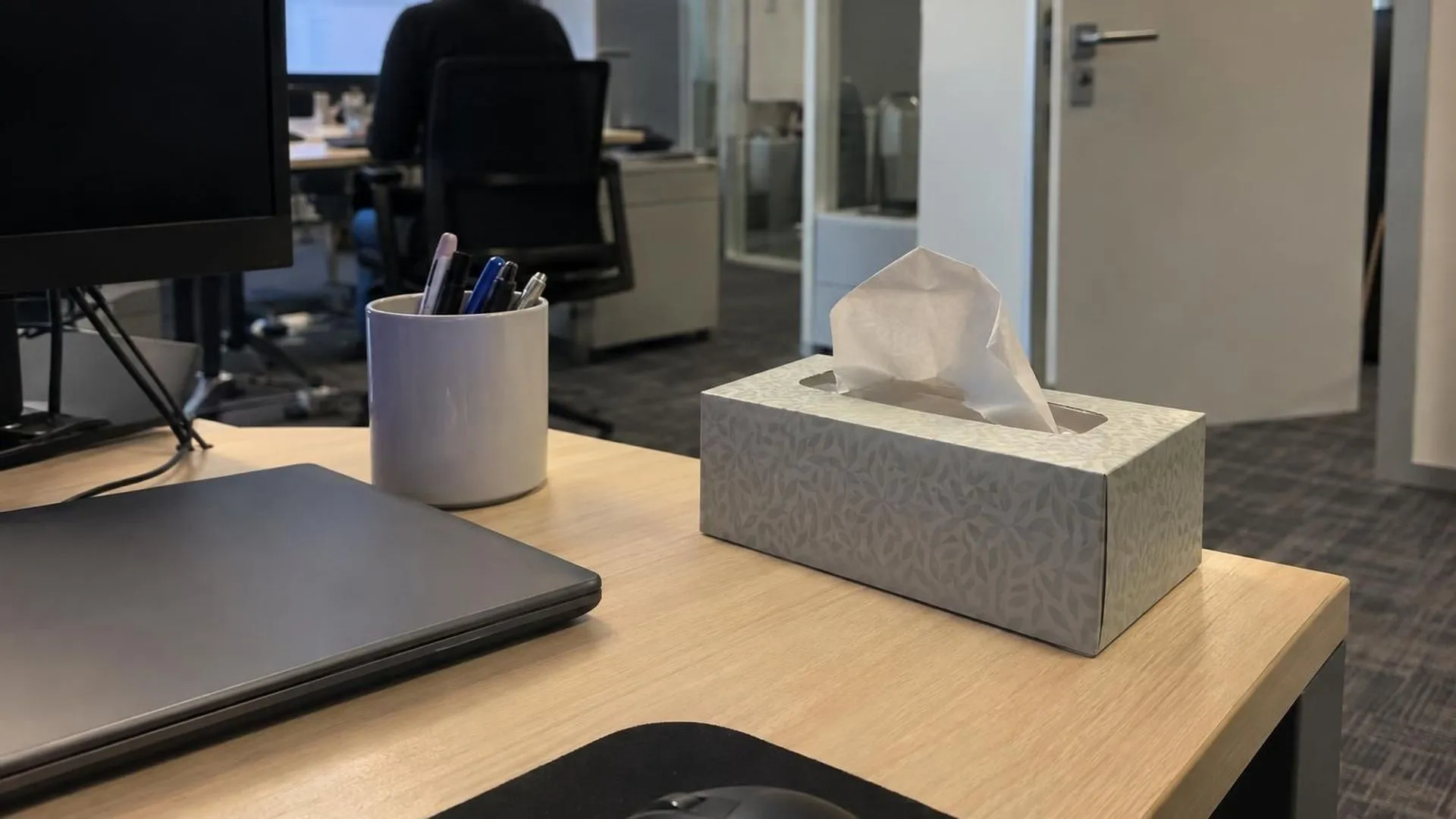 Een half leeg doosje tissues staat op de hoek van een bureau naast een dichte laptop, op een gewone kantoorochtend.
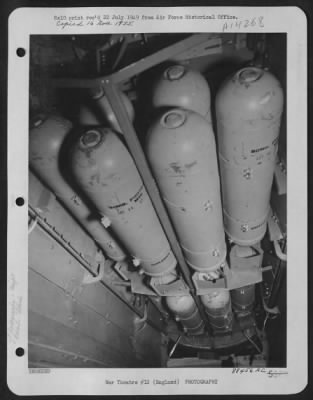 Consolidated > England - The Bomb Bay, Filled With Flash Bombs Just Before The Take-Off For A Night Reconnaissance Mission Over Breteuil, France, By Lt. Colonel Leon Gray'S U.S. 8Th Air Force Reconnaissance Group.  The Fuses Are Specially Set So That They Will Explode I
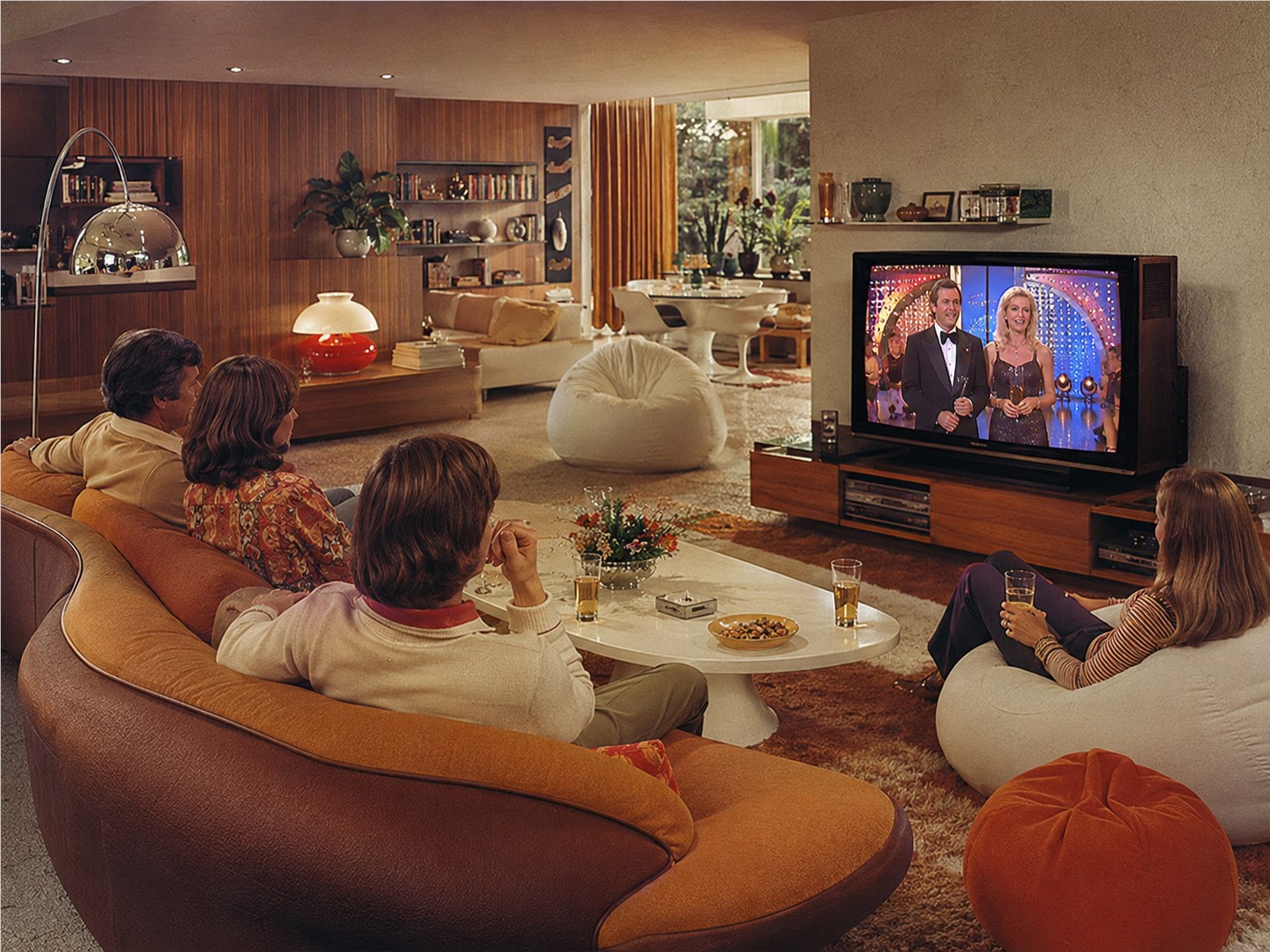 Familie vor einem Fernseher in einem Wohnzimmer der siebziger Jahre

-=-=-

### REQUIRED WORK
Copy every line above word for word and exclude the pictures.

### TASK ANSWER
 Een half leeg doosje tissues staat op de hoek van een bureau naast een dichte laptop, op een gewone kantoorochtend.
 Consolidated > England - The Bomb Bay, Filled With Flash Bombs Just Before The Take-Off For A Night Reconnaissance Mission Over Breteuil, France, By Lt. Colonel Leon Gray'S U.S. 8Th Air Force Reconnaissance Group.  The Fuses Are Specially Set So That They Will Explode I
 Familie vor einem Fernseher in einem Wohnzimmer der siebziger Jahre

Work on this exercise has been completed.